A NAS server is a network storage system that enables multiple users in LAN to access files via the Ethernet connection. NAS is a kind of external storage system. The device itself has no keyboard or display and is located in the local network as an independent network node with its own unique IP-address. System administrator can configure and administer NAS with the help of browser-based utilities.
NAS is used for the following tasks:
Backup from all user devices on the network.
Organizing all media files and documents in a manageable form, with easy access from any network device.
Deployment of web and mail servers.
Organizing shared data exchange hub between devices running on different platforms, e.g. Mac and Windows
Network Attached Storage (NAS) components and features
Physically, a NAS is a box with a motherboard and a RAID array of hard drives. One of the hard drives contains an operating system, usually Linux or FreeBSD with special software. Operating systems, RAM, cooling and other key components are not the only features that differentiate NAS from external hard drives, which store data passively.

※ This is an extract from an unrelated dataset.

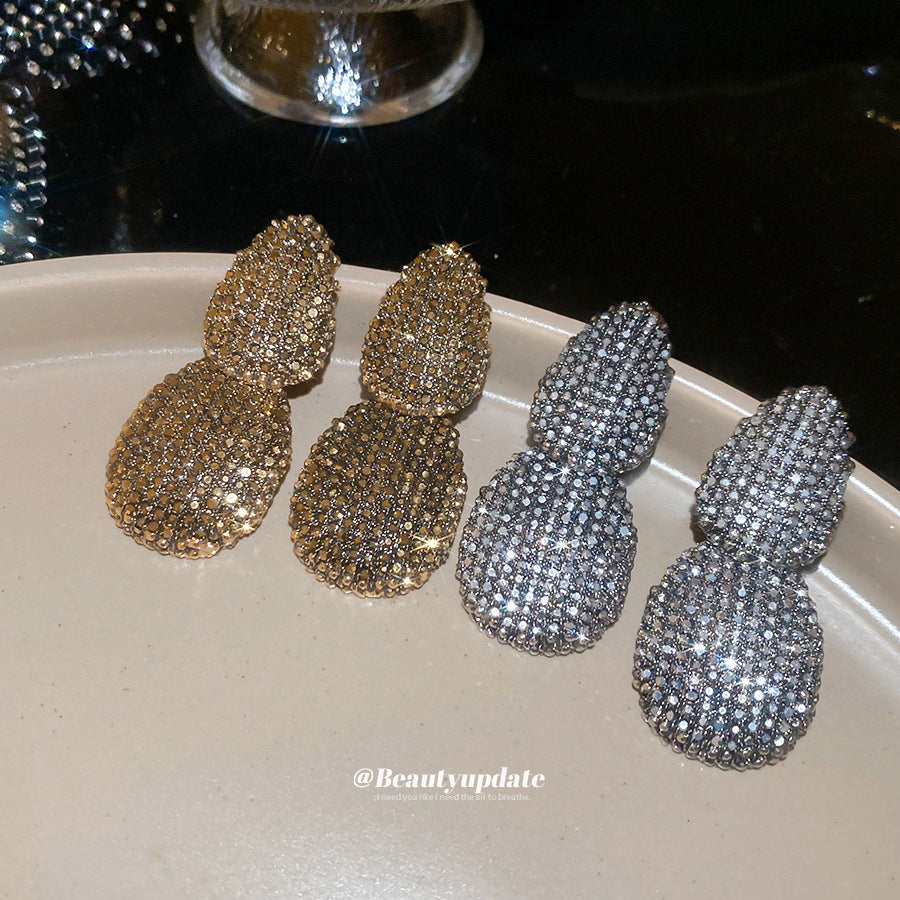 Orecchini a perno ovali geometrici vintage in lega con intarsio di strass da donna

Unlike these external drives, NAS provides granular access control for its users. You can connect to NAS via either Ethernet or Wi-Fi, although there are models that support USB. NAS helps automate data management as well as protect information from loss, natural disasters, etc.
The number of disks in a NAS is two or more, usually HDDs. There are storages based on SDD, but their operating costs are much more due to the necessity of using additional equipment such as high-speed routers, not to mention the SSDs themselves. NAS is managed remotely from the administrator's office PC via a Web interface or a special client.
NAS involves the use of file protocols such as NFS, AFP, or NCP.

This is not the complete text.